# Stats Module Overview

This notebook discusses the functions used by generate_results from the main_module. These are namely:
1. process_dataframe
2. generate_bin_values
3. generate_stats_for_likelihood_ratio
4. generate_p_threshold_and_binomial

## 1) Process Dataframe
This function processes a dataframe of targets through extracting statistics and removing irrelevant targets.

### Logic

Loop through each cluster in the dataframe
    1. Get the mean density for all samples and mean density for all controls
        - if mean density for all samples is 0, remove the cluster from dataframe
    2. Compute growth coefficient
        - Get all periods in the samples and all periods in the controls
        - Get all densities in the samples and all densities in the controls
        - use periods and densities to compute for the growth coefficient of samples and controls
        
### Returns
The function returns the following:
* all_sample_means
* all_control_means
* growth_coefficients: a single array where for each cluster its sample GC is followed by control GC
* samples_gt_controls
* n_targets_gt_0
* data: new dataframe where clusters with 0 sample mean have been removed

## 2) Generate Bin Values

This function takes the main dataframe and the control dataframe and generates bin values from these. 

### Logic

1. Create new bin columns for both the main dataframe and the control dataframe
2. Get total samples (sum all contribution) and total controls (count all rows from control dataframe)
3. Loop through each bin
    - sample_count: for all samples in the bin, sum the contribution
    - control_count: count all control dataframe rows that correspond to the bin
    - likelihood_ratio: sample_count/control_count (if control_count = 0, multiplier = -1)
    - p_sample: sample_count/total_samples
    - p_control: control_count/total_controls
    - p_likelihood_ratio: p_sample/p_control
    
    
### Returns
The function returns the following:
* bin_array
* sample_counts
* control_counts
* multipliers
* p_samples
* p_controls
* p_likelihood_ratios
    

## 3) Generate Stats for Likelihood Ratio

This function generates graphs and statistics mainly for the likelihood ratio. However, it also produces graphs to show actual vs predicted number of sites.

### Logic
The logic is as follows:
1. Trim arrays using trim_values function (remove rows where p_control < 30)
2. Fit and compare linear and threshold models
    - get predicted p_likelihood_ratios
    - Score predicted p_likelihood_ratios using R2 and chisquare scores
3. Compute statistics of a divided graph
    - divide graph using divide_graph function
    - compute variance for each side as well as levene stat
    - compute p_likelihood_ratio of divided graph (ratio for each side)
4. Plot graphs
    - plot likelihood ratio for linear and threshold models 
5. Write different statistics to file

## 4) Generate p Threshold and Binomial

This functions looks for the threshold (a bin value) that minimizes the binomial for p. 

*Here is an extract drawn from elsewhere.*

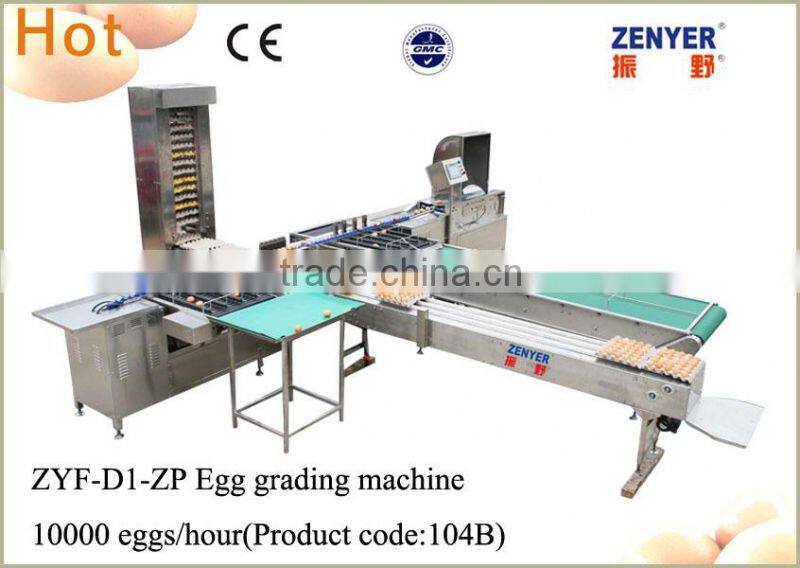 specialized one row electronic egg grading packing machine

### Conditions for p Binomial:
- Trial: comparison between p_sample and p_controls (done per bin)
- Success: p_sample <= p_control
- assumed probability of success: 0.5


### Logic
The logic to look for this threshold is as follows:

1. We set the current binomial to 100 (a large number) 
2. We loop through each bin and assume this bin i is the threshold
3. We loop from the first bin to bin i
    - we compare p_sample and p_control per iteration (+1 trial) 
    - if p_sample <= p_control, +1 success
4. We then check the binomial for the successes and trials with bin i as threshold
5. If the binomial is smaller than the previous binomial, we set it as the current binomial
    - we also save the following:
        - the bin as the current threshold
        - the number of success
        - the number of trials
        - the array of p_samples
        - the array of p_controls
        
### Returns
* binomial
* threshold
* threshold_success_count
* threshold_trial_count
* threshold_samples
* threshold_controls